- _Given data_
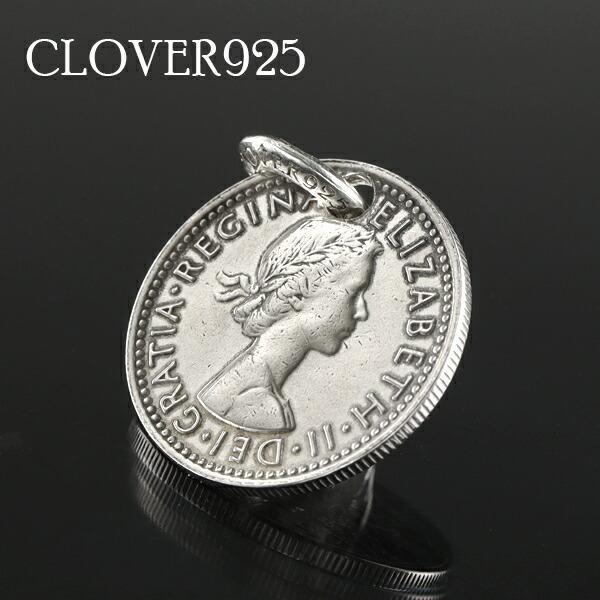 Clover925 シックスペンスコイン ペンダントトップ チャーム シルバー925 シルバーアクセ...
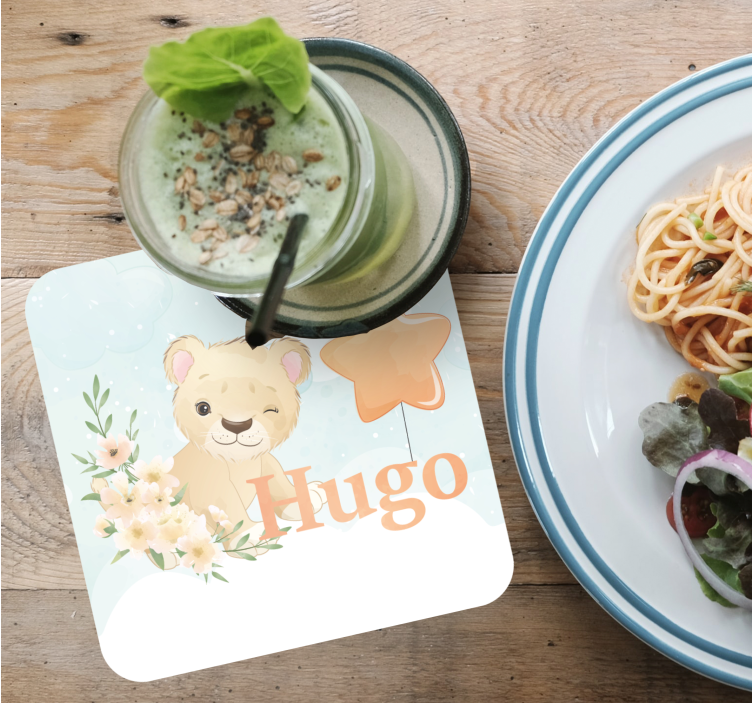 Bases para copos personalizáveis leão divertido com estrela - TenStickers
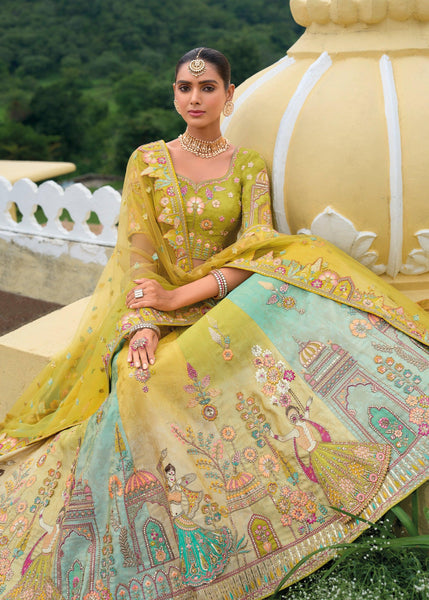 Bright Lime Green Heavy Embroidered Designer Lehenga Set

- _Problem to solve_
Wherever a picture appears in the data, please drop it and retype the rest exactly.

- _Output below_
 Clover925 シックスペンスコイン ペンダントトップ チャーム シルバー925 シルバーアクセ...
 Bases para copos personalizáveis leão divertido com estrela - TenStickers
 Bright Lime Green Heavy Embroidered Designer Lehenga Set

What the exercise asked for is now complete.